トランプ大統領の関税政策と米国のマクロ・データの低迷が相まって、金融市場が2025年に歩む道の地形に疑問を投げかけている。トランプ大統領は、メキシコとカナダに対する25%の関税を30日間の一時停止後、予定通り実施することを示唆した。

一方、先週末に発表された米国のデータでは、サービス部門の景況感が悪化しており、今週はこれに続いて米国の消費者信頼感も悪化の兆しを見せている。これらの要因が重なり、投資家は不安定な状態に陥っており、ハイテク・セクターは売りの矛先を向けられている(Nadaq100指数は年初来の上昇率でほぼ横ばいとなっている)。

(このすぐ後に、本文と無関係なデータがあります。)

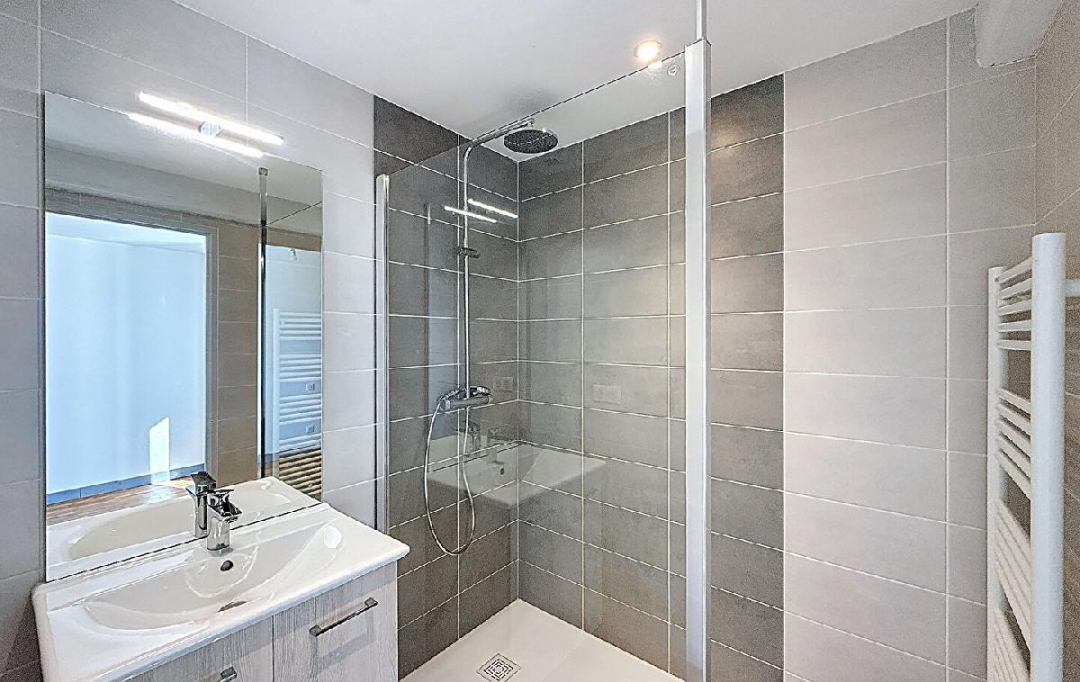 DYNAMIC IMMOBILIER : Appartement | SAINT-GENGOUX-DE-SCISSE (71260) | 35 m2 | 520 € 
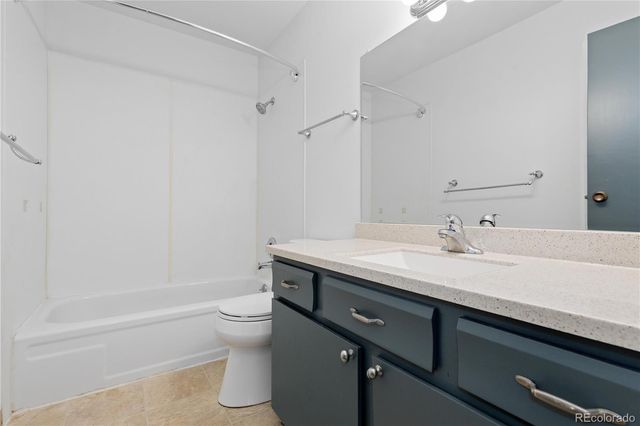 3550 S Harlan Street 124, Denver, CO 80235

エヌビディアは(水曜日の鐘の後に)決算を発表する予定であり、このハイテク巨大企業の数字は、少なくとも短期的には、市場にとって明暗を分けるイベントになる可能性がある。2024年に190%の急騰を見せたエヌビディアにとって、2025年はディープシークの開発と、それに続くAI投資の規模に関する疑問のために、事態はむしろトリッキーになっている。エヌビディアの最新の数字は依然として印象的であると予想され(2025年度第4四半期の予想売上高は380億ドル)、同社は依然として先行者利益の果実を享受しているが、センチメントを一方に傾ける可能性があるのは、同社の見通しが以前と同様にバラ色のままであるかどうかに集約されるかもしれない。特に、ディープシークの予算が提起したコスト問題など、業界の力学が変化する中で。

トランプ大統領の関税スタンスに投資家がまだ不安を感じている中、今週金曜日に発表される米コアPCE価格指数は注目すべきデータのひとつだろう。インフレ率が再び上昇しているという根底にある懸念が数字で裏付けられれば、FRBの利下げ期待はさらに抑制される可能性がある。市場予想のコンセンサスは、FRBが今年1回または2回の利下げを実施するかどうかの間に収まっているが、コアPCEが上方修正されれば、FRBの利下げは今年1回にとどまる可能性がある。あるいは、ゼロかもしれない。つまり、金曜日のコアPCEは、FRBの期待、ひいては金利見通しに関する市場心理を左右する可能性がある。
株式市場の神経質さから、ディフェンシブ・プレイとして債券買いが再び流行した。このため米国債利回りは低下し、米ドルもそれに追随した。今年の日本の利回りがどうなるかという予測のおかげで、ドルは円に対して特に厳しい状況が続いている。最近の日本の成長率とインフレ率を考えると、日銀は何度も利上げをしなければならない状況にあるのかもしれず、この潜在的なシナリオが米ドル円レートに下押し圧力をかけている。
金は米ドルと国債利回りの下落を利用できなかった。火曜日には債券買いが金市場からスポットライトを浴び、債券市場で守勢的な動きが目立った。金は2900ドルの水準を割り込んだが、買い手が参入して下げ幅を抑えた。2880ドルレベルのサポートは維持されており、これが現時点での深い下げを止めている。上値では、金が再び2950ドルの北で新高値を更新するには、2947ドルの抵抗を克服する必要がある。全体として、2880ドルのサポートが維持されている間、金の上昇の可能性は依然として高く、世界的な貿易の不確実性が貴金属を十分にサポートしている。